Take the lines of the data below from the very first through the line containing "Apartments Near Metekhi" and output them exactly, pictures excluded.

Records from a data source:
=-=-=-=-=
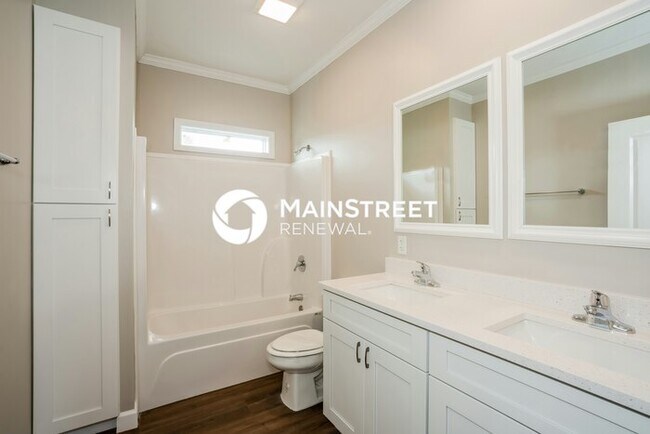 Building Photo - 4 Bedroom Pet-Friendly Home in St. Petersburg, FL with Main Street Renewal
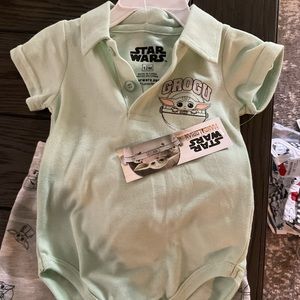 Star Wars Baby Yoda infant boys short outfit with sun hat  12 mon nwt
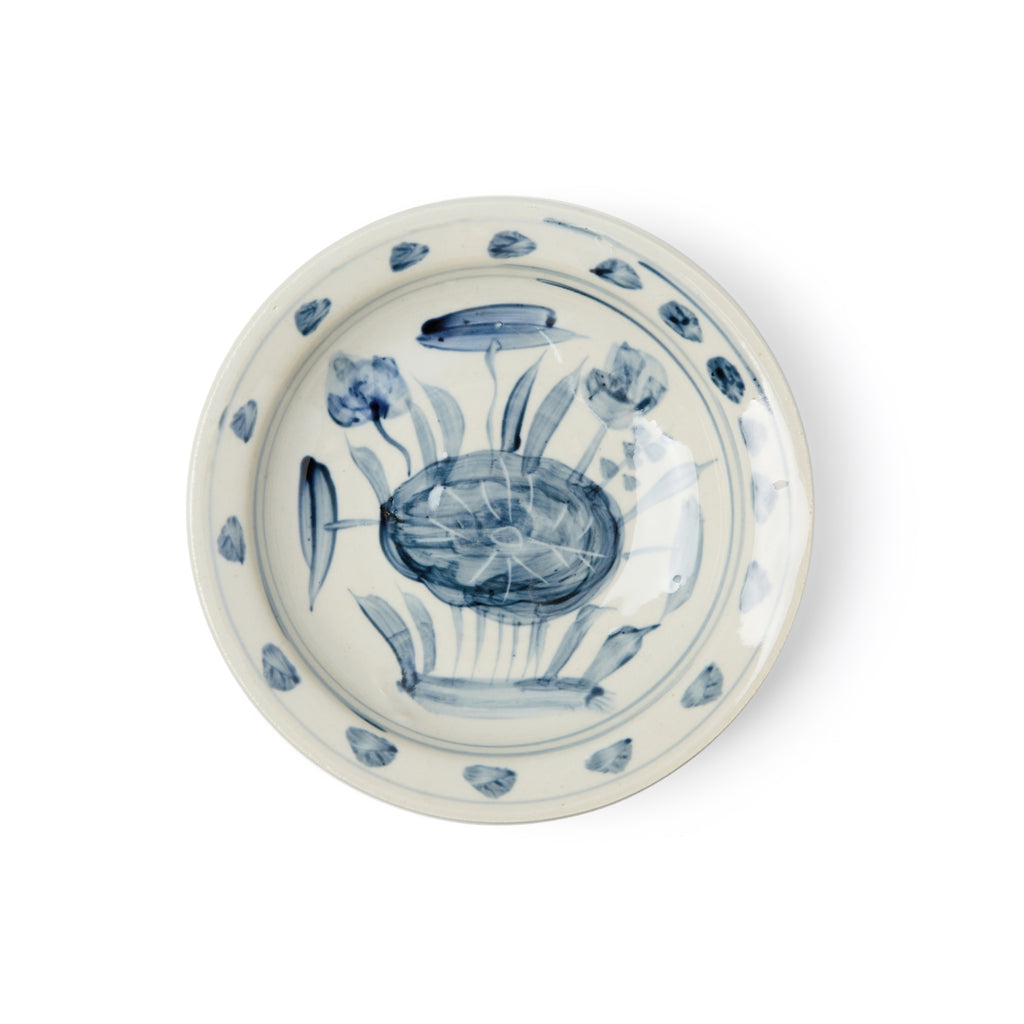 Porcelain Chinoiserie Lily Motif Plate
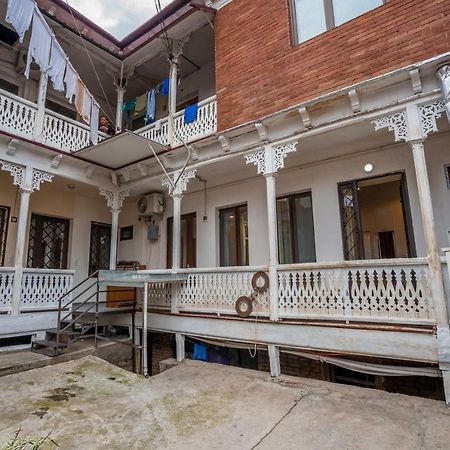 Apartments Near Metekhi Cathedral Tbilisi Ngoại thất bức ảnh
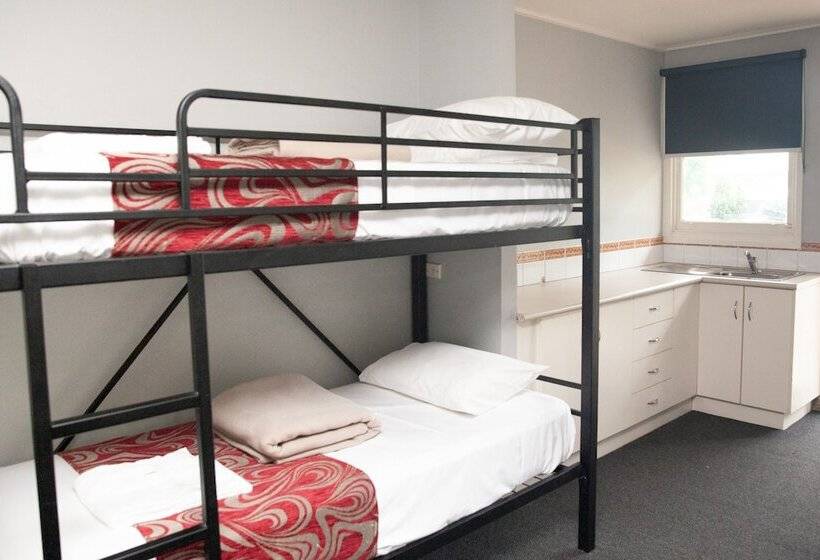 מוטל Royal Hotel Singleton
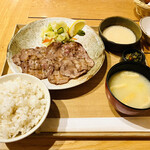 Yurakucho Umaya no Gakuya - 牛タンとろろ定食1250円(1375円)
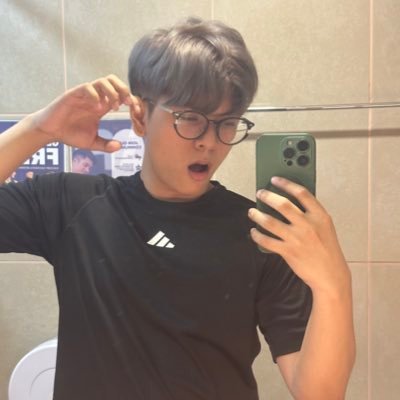 akkii's profile picture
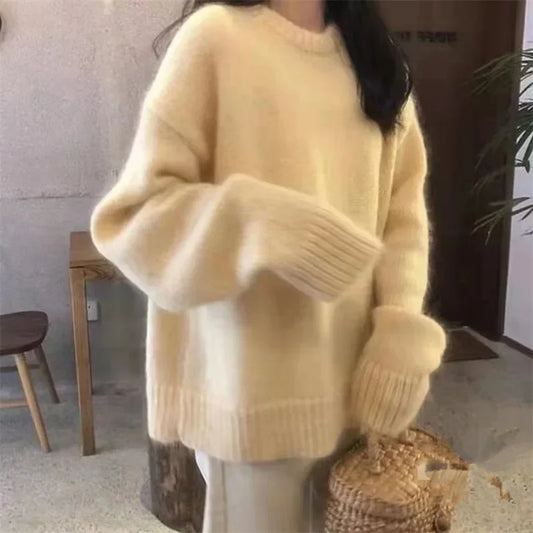 Cozy Oversized Women’s Pullover Sweater - Round Neck Knit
=-=-=-=-=
* _PROBLEM SOLUTION_:
 Building Photo - 4 Bedroom Pet-Friendly Home in St. Petersburg, FL with Main Street Renewal
 Star Wars Baby Yoda infant boys short outfit with sun hat  12 mon nwt
 Porcelain Chinoiserie Lily Motif Plate
 Apartments Near Metekhi Cathedral Tbilisi Ngoại thất bức ảnh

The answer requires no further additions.